= THE PROBLEM =
Your job with the data below: print everything from the line that holds "39 Sarteano Dr., Newport" down to the line that holds "12月1日0时，北京市再启动空气重污染黄色预警，图为一列高铁在雾霾中经过北京房山。 中新社记者 崔楠", ends included, exactly, and nothing else.

= INFORMATION =

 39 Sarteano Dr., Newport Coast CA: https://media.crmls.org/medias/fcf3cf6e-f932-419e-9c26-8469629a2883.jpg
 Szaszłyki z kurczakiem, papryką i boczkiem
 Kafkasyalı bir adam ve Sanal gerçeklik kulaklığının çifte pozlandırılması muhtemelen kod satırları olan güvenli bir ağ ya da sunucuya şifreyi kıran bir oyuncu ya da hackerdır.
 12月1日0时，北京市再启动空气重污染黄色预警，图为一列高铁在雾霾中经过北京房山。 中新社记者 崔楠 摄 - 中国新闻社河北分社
==
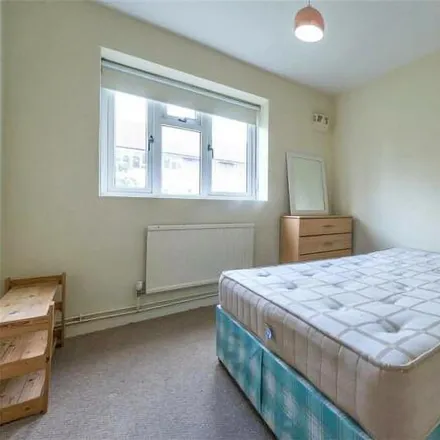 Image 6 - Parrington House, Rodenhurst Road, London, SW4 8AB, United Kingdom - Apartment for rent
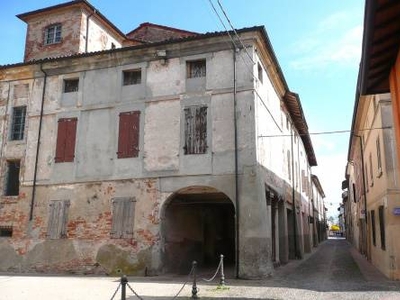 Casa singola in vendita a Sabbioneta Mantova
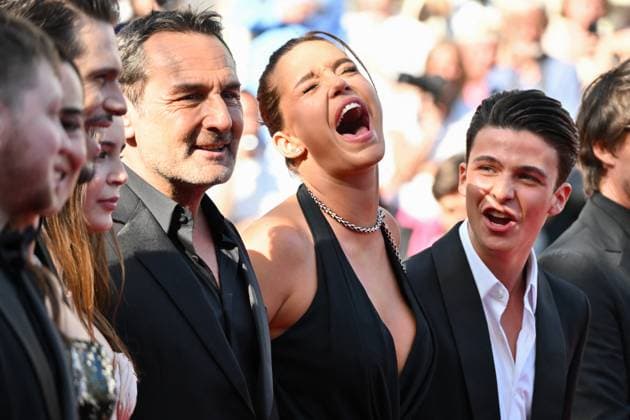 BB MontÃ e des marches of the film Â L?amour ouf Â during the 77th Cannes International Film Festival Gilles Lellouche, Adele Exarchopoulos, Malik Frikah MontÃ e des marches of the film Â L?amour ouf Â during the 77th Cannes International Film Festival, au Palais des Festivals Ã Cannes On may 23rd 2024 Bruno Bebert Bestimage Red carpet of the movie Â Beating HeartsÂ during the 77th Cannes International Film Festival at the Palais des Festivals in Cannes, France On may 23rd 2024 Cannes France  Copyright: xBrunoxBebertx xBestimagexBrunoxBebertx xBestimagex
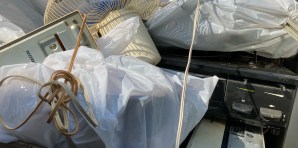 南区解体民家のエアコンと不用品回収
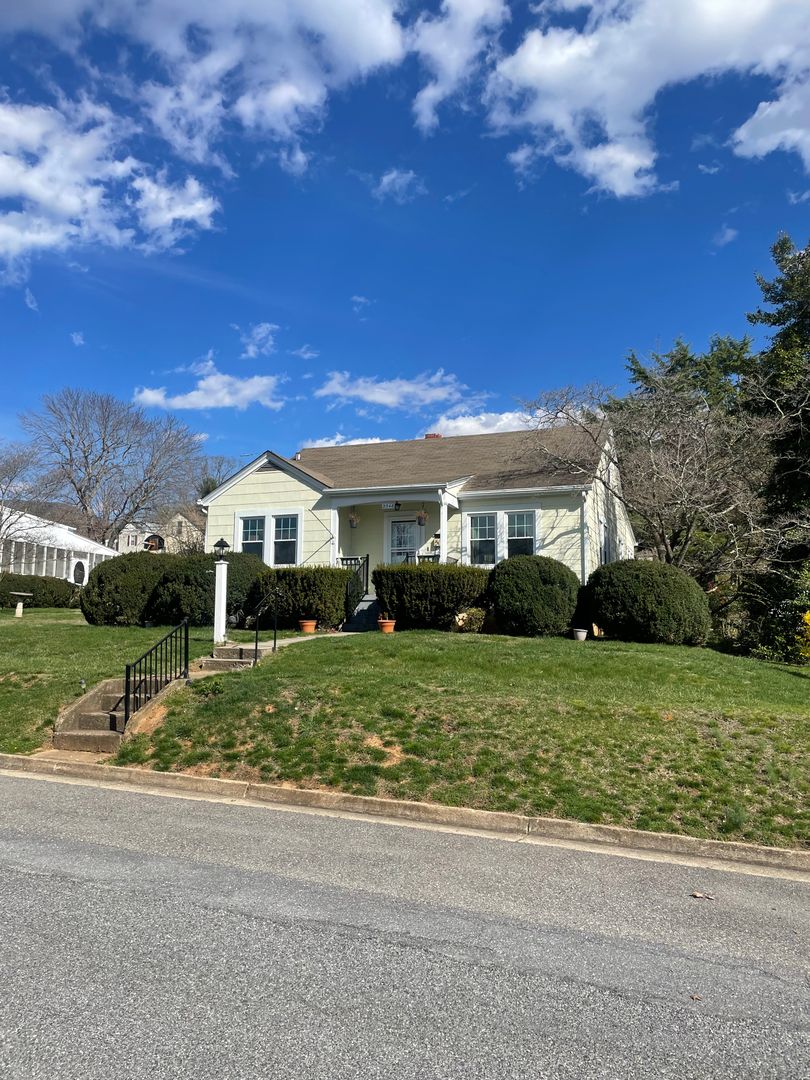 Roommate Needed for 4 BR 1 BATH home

= ANSWER SPACE =
 39 Sarteano Dr., Newport Coast CA: https://media.crmls.org/medias/fcf3cf6e-f932-419e-9c26-8469629a2883.jpg
 Szaszłyki z kurczakiem, papryką i boczkiem
 Kafkasyalı bir adam ve Sanal gerçeklik kulaklığının çifte pozlandırılması muhtemelen kod satırları olan güvenli bir ağ ya da sunucuya şifreyi kıran bir oyuncu ya da hackerdır.
 12月1日0时，北京市再启动空气重污染黄色预警，图为一列高铁在雾霾中经过北京房山。 中新社记者 崔楠 摄 - 中国新闻社河北分社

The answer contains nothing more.